* **Exercise description**
From the material below, copy exactly the lines beginning with the one that contains "Graphic Feather Design" and ending with the one that contains "Chanel Shiny Crumpled"; the pictures stay out.

* **Available data**
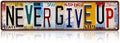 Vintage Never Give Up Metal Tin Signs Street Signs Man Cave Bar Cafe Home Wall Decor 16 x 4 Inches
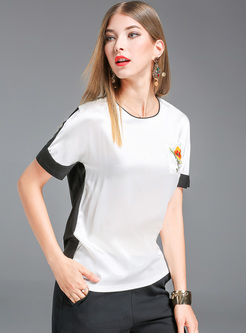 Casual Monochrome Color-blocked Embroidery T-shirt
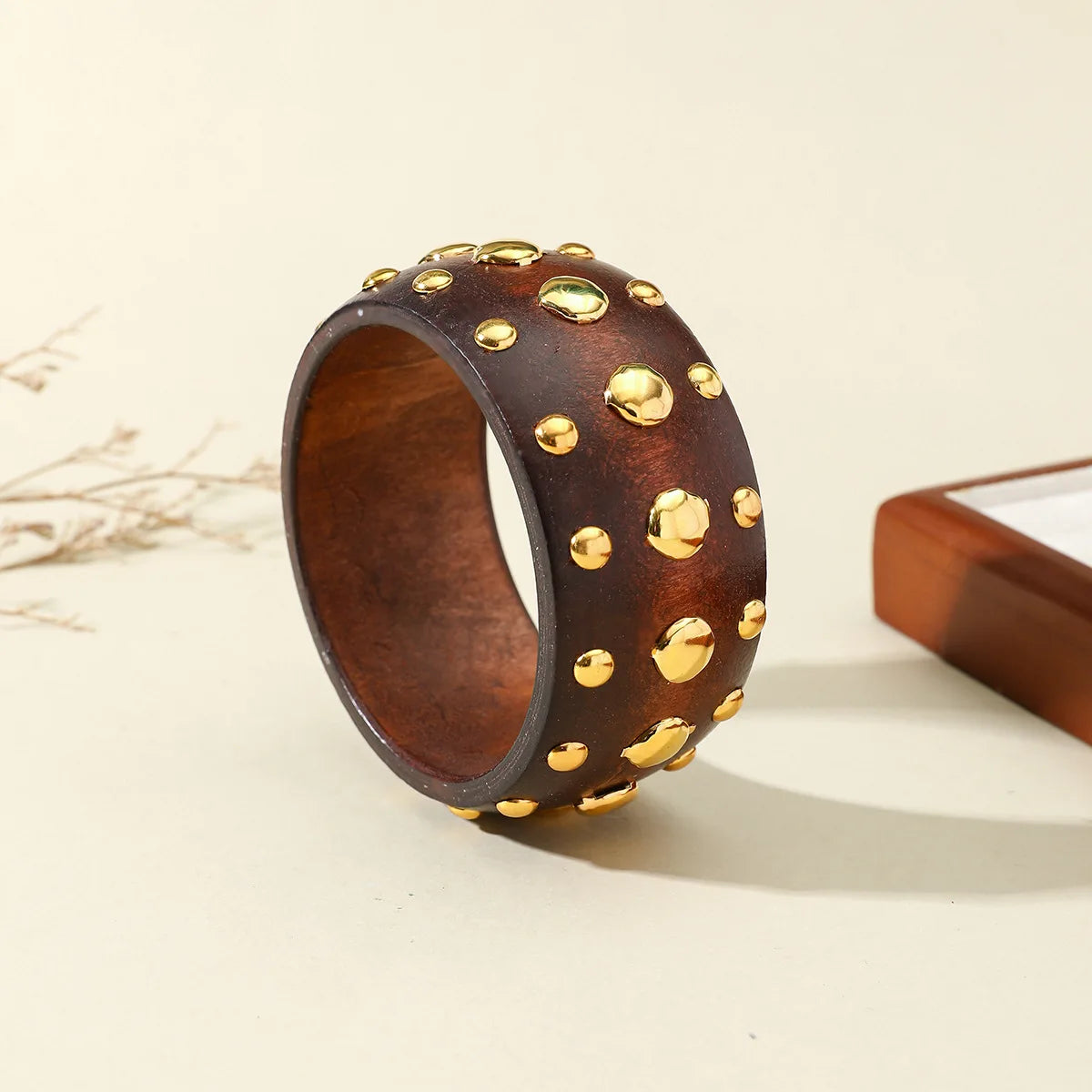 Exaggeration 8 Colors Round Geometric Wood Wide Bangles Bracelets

---

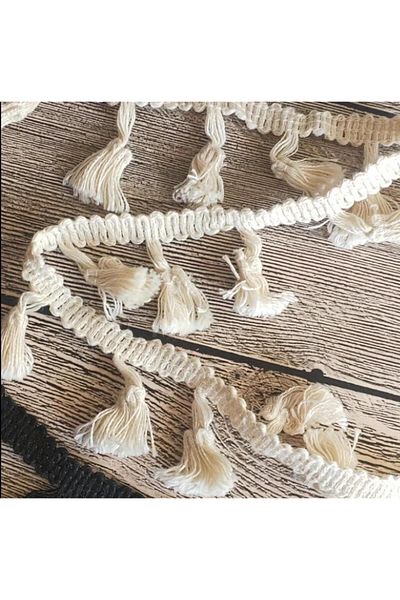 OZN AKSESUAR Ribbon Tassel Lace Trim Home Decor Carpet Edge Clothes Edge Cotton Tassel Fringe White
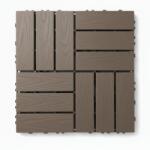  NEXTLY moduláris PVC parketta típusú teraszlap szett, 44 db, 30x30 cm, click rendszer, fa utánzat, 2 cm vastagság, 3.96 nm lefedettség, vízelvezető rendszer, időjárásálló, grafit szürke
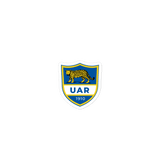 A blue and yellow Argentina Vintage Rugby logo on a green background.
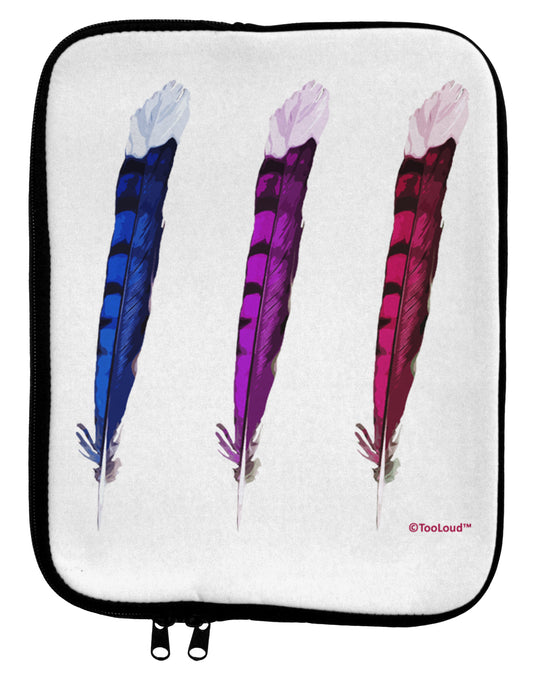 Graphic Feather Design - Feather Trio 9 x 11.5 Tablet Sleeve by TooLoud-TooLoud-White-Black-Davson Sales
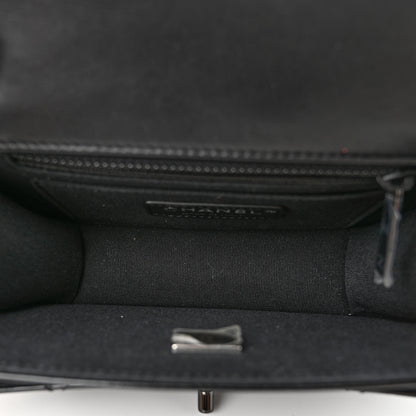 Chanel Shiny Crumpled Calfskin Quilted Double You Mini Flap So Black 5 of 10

---

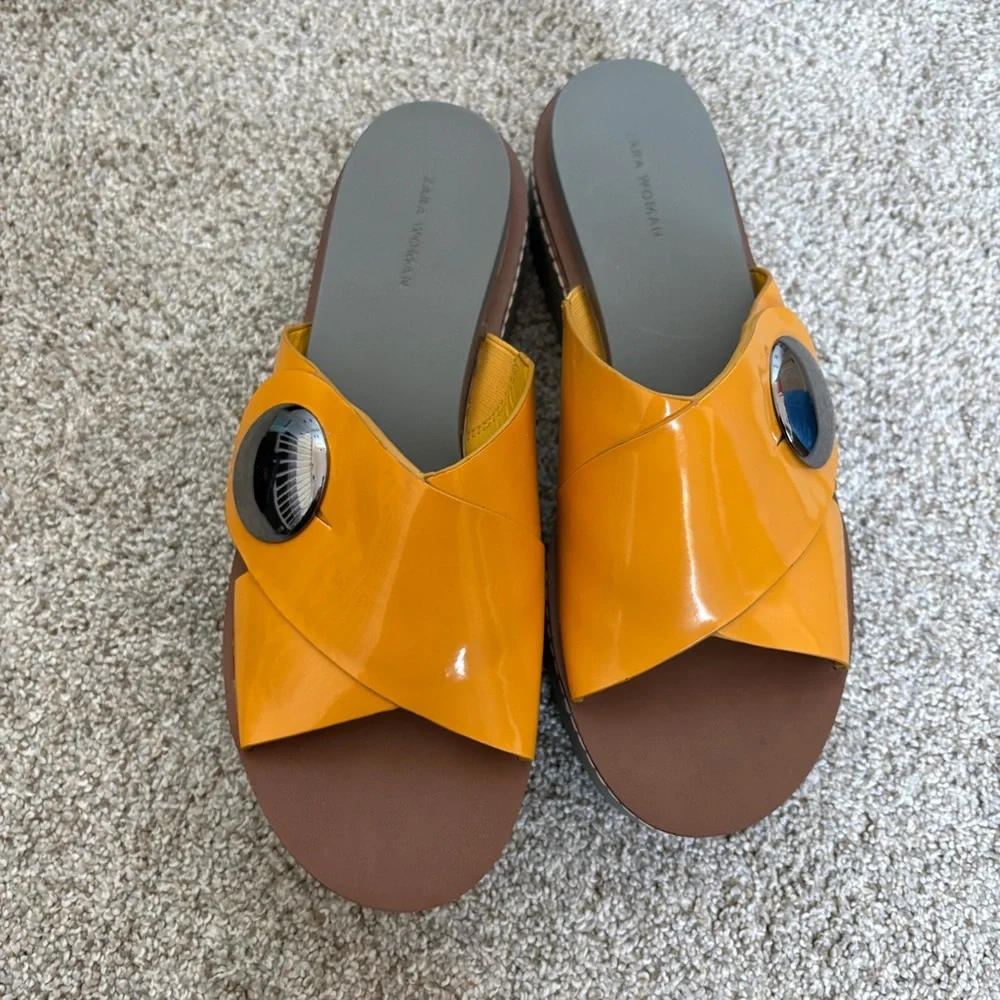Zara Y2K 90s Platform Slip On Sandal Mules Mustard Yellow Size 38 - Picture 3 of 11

* **Reply**
 Graphic Feather Design - Feather Trio 9 x 11.5 Tablet Sleeve by TooLoud-TooLoud-White-Black-Davson Sales
 Chanel Shiny Crumpled Calfskin Quilted Double You Mini Flap So Black 5 of 10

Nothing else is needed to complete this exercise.